Human Rights for Federally Regulated Employees In Alberta

Federally regulated employees are a certain subset of employees in Alberta.  They are generally found only in a few sectors, which includes banking, aviation and telecommunications.  Federally regulated employees are required to pursue their human rights under the Canadian Human Rights Act, which has similar protections to those contained in the Alberta Human Rights Act.

Resources and Support for Discrimination Victims

If you have experienced workplace discrimination, you are not alone. Numerous resources and support systems are available to provide assistance and guidance throughout your journey to seek justice and resolution.

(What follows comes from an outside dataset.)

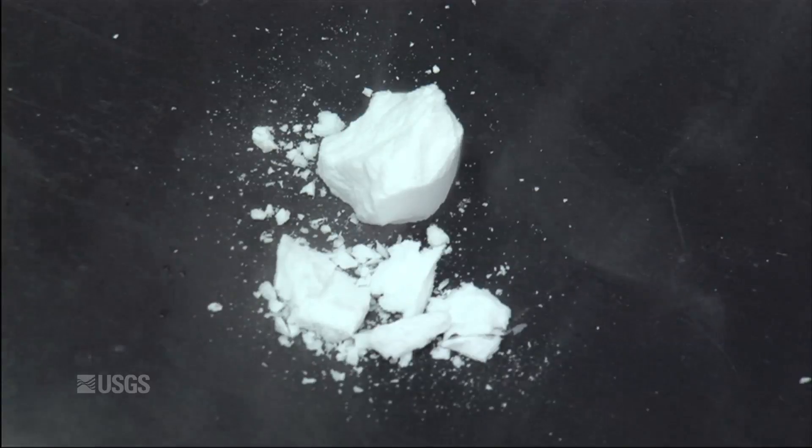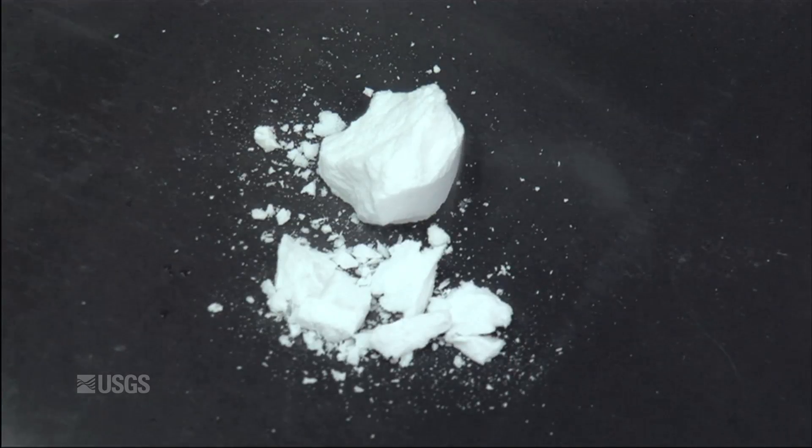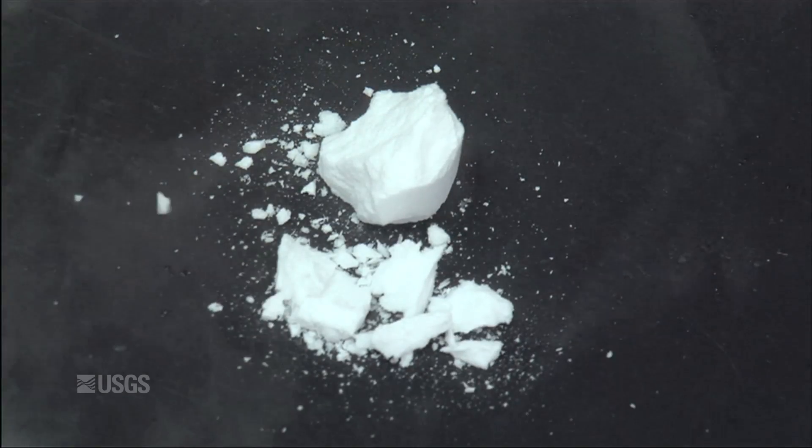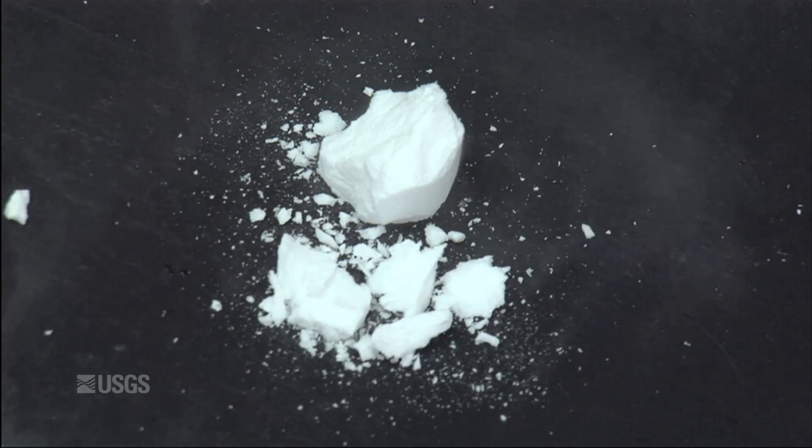Take a little piece off here, and as it warms up you'll begin to see it pop. It's reverting to ice plus gas, and then as the ice melts and continues to warm, it'll end up being water plus gas.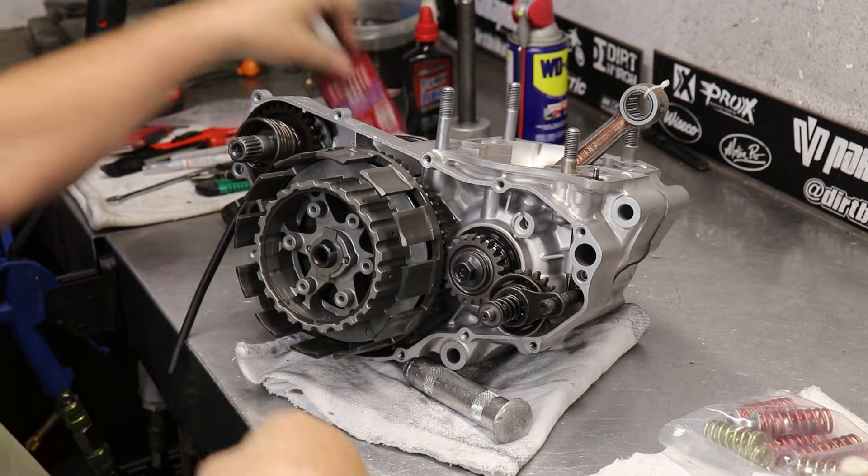You're going to snug up all these base nuts. You're welcome to torque these properly, but usually just fully good and snug is great on those. The head nuts are much more critical to torque than the base ones, and you're going to torque those. There are different settings, but 22 to 25 foot-pounds — you can look up what's specific for your bike and get it set up.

Some resources that can be helpful include:

  • The Alberta Human Rights Commission: They offer information, mediation services, and access to complaint forms.
  • Legal Aid Alberta: They provide legal advice and representation to individuals who meet certain financial and merit-based criteria.
  • Civil Liberties Associations: These organizations work to safeguard human rights and may provide resources and support.

Remember, seeking support from professionals and community organizations can provide invaluable assistance when navigating the complexities of workplace discrimination cases.

Human Rights Consultation with a Calgary Employment Lawyer

If you believe you have experienced workplace discrimination and are seeking legal guidance, it is vital to consult with an experienced employment lawyer who specializes in human rights cases.

An initial consultation with an employment lawyer allows you to:

  • Discuss the specific details of your case
  • Receive personalized legal advice tailored to your circumstances
  • Explore your legal options and potential strategies
  • Understand the strength of your case and potential outcomes
  • Ask any questions or concerns you may have

A consultation with an employment lawyer in Calgary empowers you to make informed decisions about how to proceed, and provides the support and guidance necessary to seek justice for workplace discrimination.

Understanding human rights law and workplace discrimination in Alberta is a crucial step in building a fair and inclusive society. By familiarizing ourselves with the legal framework, recognizing discrimination, and seeking appropriate recourse, we can contribute to a workplace environment where all individuals are treated with dignity and respect.